# [Exercise aim]
Will you extract the entries word for word? Images should not appear in the copy.

Collection entries:
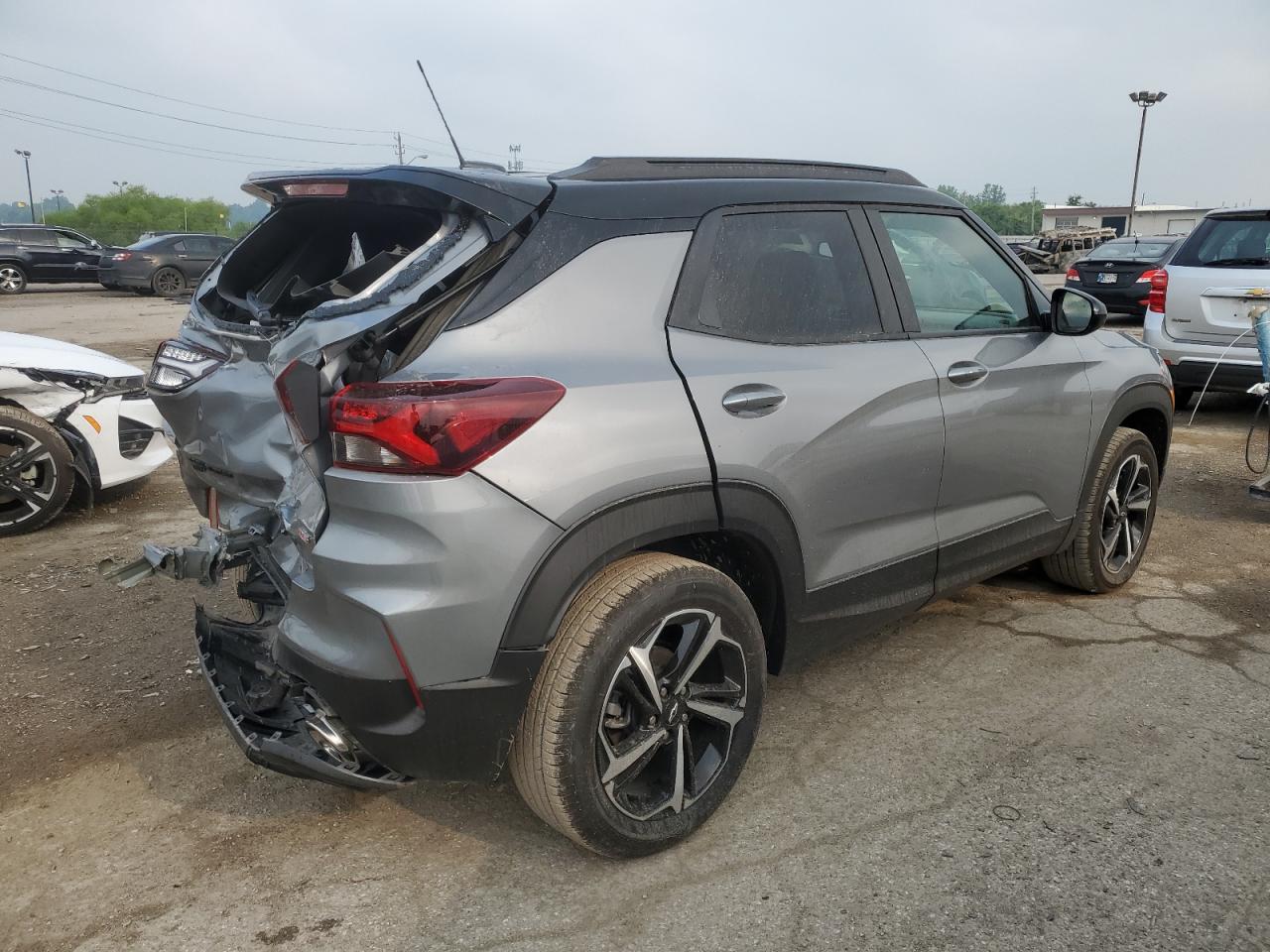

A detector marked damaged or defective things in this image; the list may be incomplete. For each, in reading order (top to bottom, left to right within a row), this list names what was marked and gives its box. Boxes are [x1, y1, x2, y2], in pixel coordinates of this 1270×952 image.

white damaged car [0, 332, 171, 533]
broken rear hatch [132, 167, 551, 588]
broken taillight lens [329, 378, 564, 477]
cracked pavement [2, 293, 1270, 952]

# [Result for this exercise]
A detector marked damaged or defective things in this image; the list may be incomplete. For each, in reading order (top to bottom, left to right within a row), this list names what was marked and gives its box. Boxes are [x1, y1, x2, y2], in pixel coordinates of this 1270×952 image.

white damaged car [0, 332, 171, 533]
broken rear hatch [132, 167, 551, 588]
broken taillight lens [329, 378, 564, 477]
cracked pavement [2, 293, 1270, 952]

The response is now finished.